Supplied material ->
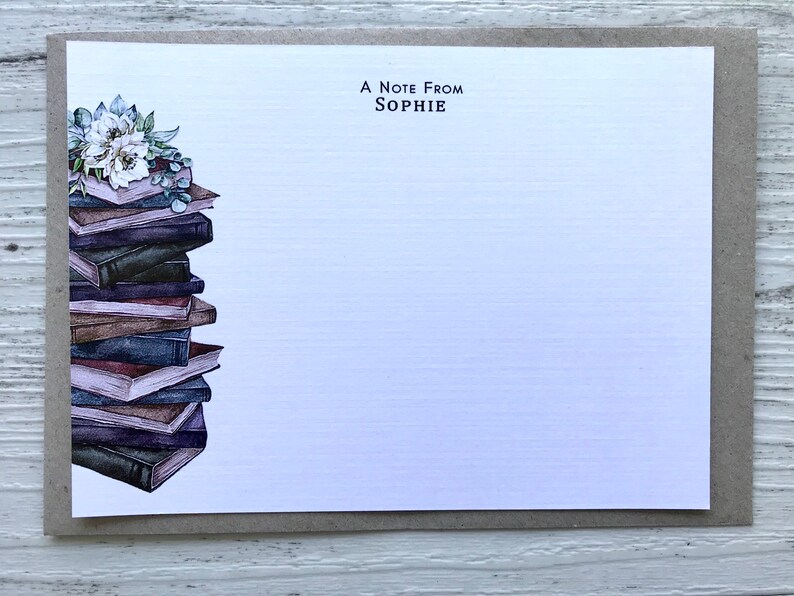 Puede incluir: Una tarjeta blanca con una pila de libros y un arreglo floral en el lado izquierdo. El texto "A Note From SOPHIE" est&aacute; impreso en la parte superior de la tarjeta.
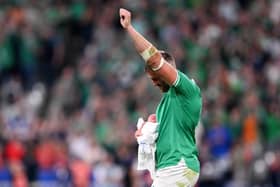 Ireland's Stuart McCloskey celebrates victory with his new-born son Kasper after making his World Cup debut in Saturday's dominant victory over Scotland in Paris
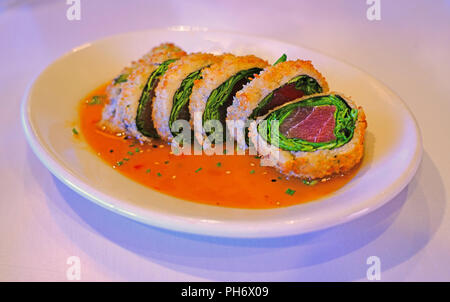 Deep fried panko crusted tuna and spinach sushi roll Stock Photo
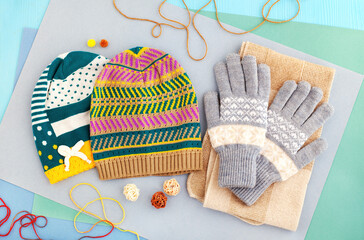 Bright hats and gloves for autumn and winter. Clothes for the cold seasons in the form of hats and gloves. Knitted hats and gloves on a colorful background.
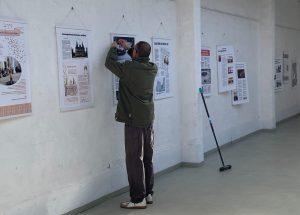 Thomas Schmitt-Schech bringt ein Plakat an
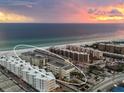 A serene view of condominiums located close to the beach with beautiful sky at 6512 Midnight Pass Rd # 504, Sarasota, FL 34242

What is being asked -> For this task, return exactly the stretch of the listing above from the line with "Bright hats and" through the line with "Thomas Schmitt-Schech bringt ein Plakat an", inclusive and without pictures.

Output of the task ->
 Bright hats and gloves for autumn and winter. Clothes for the cold seasons in the form of hats and gloves. Knitted hats and gloves on a colorful background.
 Thomas Schmitt-Schech bringt ein Plakat an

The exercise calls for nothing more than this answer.